__Task to complete__:
Only the pictures should be dropped; every line of the data must come back exactly as written.

__Available data__:
★ ★ ★ ★

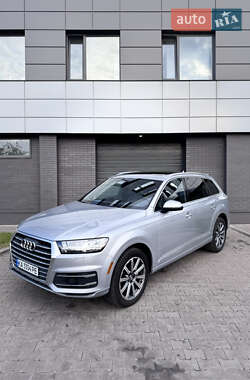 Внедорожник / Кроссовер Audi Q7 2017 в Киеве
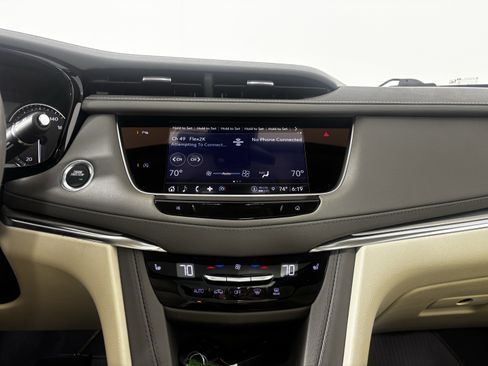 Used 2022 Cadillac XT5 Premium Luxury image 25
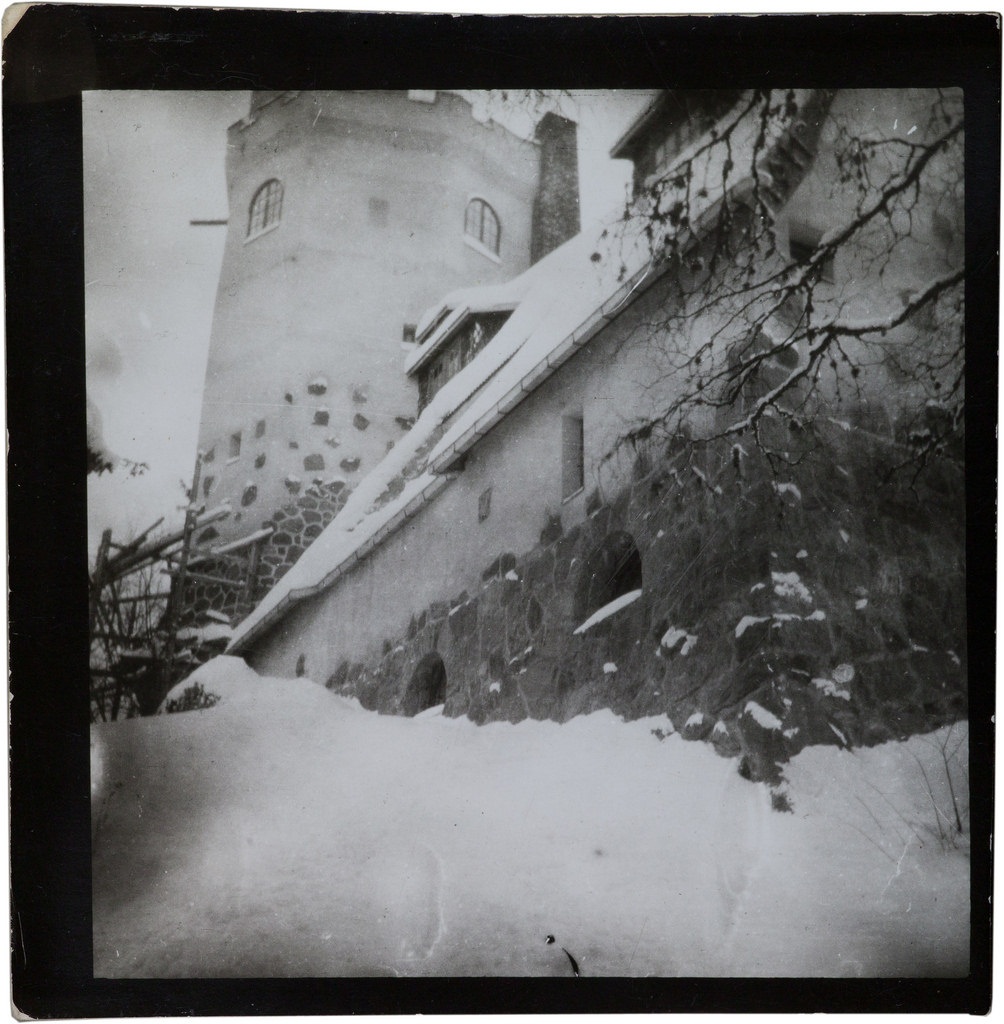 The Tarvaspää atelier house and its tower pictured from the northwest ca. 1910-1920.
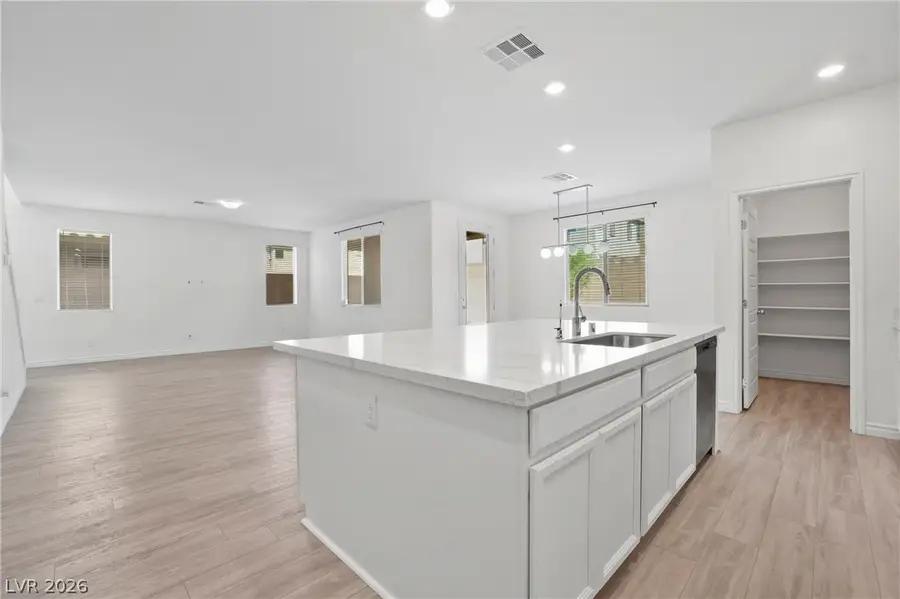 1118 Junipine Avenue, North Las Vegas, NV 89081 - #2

★ ★ ★ ★

__Solution for this problem__:
 Внедорожник / Кроссовер Audi Q7 2017 в Киеве
 Used 2022 Cadillac XT5 Premium Luxury image 25
 The Tarvaspää atelier house and its tower pictured from the northwest ca. 1910-1920.
 1118 Junipine Avenue, North Las Vegas, NV 89081 - #2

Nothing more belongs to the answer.